É isso que aprendi ao subir acima do monte em Split, ao ver toda a vista que se estendia da costa às montanhas; é isso que aprendi na Galeria Emanuel Vidović, em naturezas mortas ardendo de perguntas antigas; é isso que aprendi sentado no autocarro, despedindo-me de uma cidade que já me viveu, mas onde eu não vivi.
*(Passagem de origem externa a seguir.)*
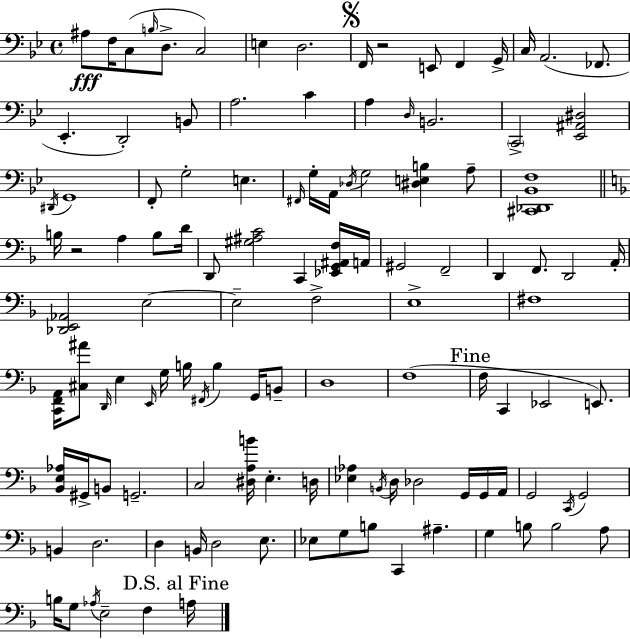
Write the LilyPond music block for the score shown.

{
  \clef bass
  \time 4/4
  \defaultTimeSignature
  \key g \minor
  ais8\fff f16 c8( \grace { b16 } d8.-> c2) | e4 d2. | \mark \markup { \musicglyph "scripts.segno" } f,16 r2 e,8 f,4 | g,16-> c16 a,2.( fes,8. | \break ees,4.-. d,2-.) b,8 | a2. c'4 | a4 \grace { d16 } b,2. | \parenthesize c,2-> <ees, ais, dis>2 | \break \acciaccatura { dis,16 } g,1 | f,8-. g2-. e4. | \grace { fis,16 } g16-. a,16 \acciaccatura { des16 } g2 <dis e b>4 | a8-- <cis, des, bes, f>1 | \break \bar "||" \break \key d \minor b16 r2 a4 b8 d'16 | d,8 <gis ais c'>2 c,4 <ees, g, ais, f>16 a,16 | gis,2 f,2-- | d,4 f,8. d,2 a,16-. | \break <des, e, aes,>2 e2~~ | e2-- f2-> | e1-> | fis1 | \break <c, f, a,>16 <cis ais'>8 \grace { d,16 } e4 \grace { e,16 } g16 b16 \acciaccatura { fis,16 } b4 | g,16 b,8-- d1 | f1( | \mark "Fine" f16 c,4 ees,2 | \break e,8.) <bes, e aes>16 gis,16-> b,8 g,2.-- | c2 <dis a b'>16 e4.-. | d16 <ees aes>4 \acciaccatura { b,16 } d16 des2 | g,16 g,16 a,16 g,2 \acciaccatura { c,16 } g,2 | \break b,4 d2. | d4 b,16 d2 | e8. ees8 g8 b8 c,4 ais4.-- | g4 b8 b2 | \break a8 b16 g8 \acciaccatura { aes16 } e2-- | f4 \mark "D.S. al Fine" a16 \bar "|."
} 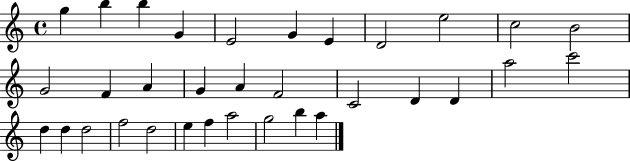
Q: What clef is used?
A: treble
A viagem entre Split e Zadar, cerca de três de autocarro, é toda feita pela costa, numa marginal que parece infinita, ao lado do mar. Ilhas e ilhas e azuis a encherem-se de azuis, multiplicados uns nos outros. De repente, uma ilha ligada à costa, com uma igreja no seu extremo, a lutar a eternidade com o mar: Primosten. Todas estas ilhas, parecem Avalon, perto e longe pelo jogo incomensurável da bruma, altas e bosqueadas. O concerto da água, da pedra e do nevoeiro fazem delas mais sagradas que reais.


Momento de humor: uma cidade que se chama Biograd, e que fez como eloquente escolha de símbolo um sol em cima. Toda a cidade parece uma marca de produtos integrais, biológicos ou mesmo bio-místicos. Outra hipótese é ser uma cidade biológica ex-soviética. Não é só em Portugal que algum marketing camarário é de gosto duvidoso.


Zadar, seis da tarde. O mar, pertíssimo, ao nível dos olhos, como coração dos olhos. Mais ilhas. Mais azul. E o sol, vermelho como o quadro de Vidovic, a desfazer-se num contraste de cores que parecia a própria invenção da cor.
Alguém comenta: «Hitchcock esteve em Zadar e disse que era o pôr do sol mais bonito do mundo».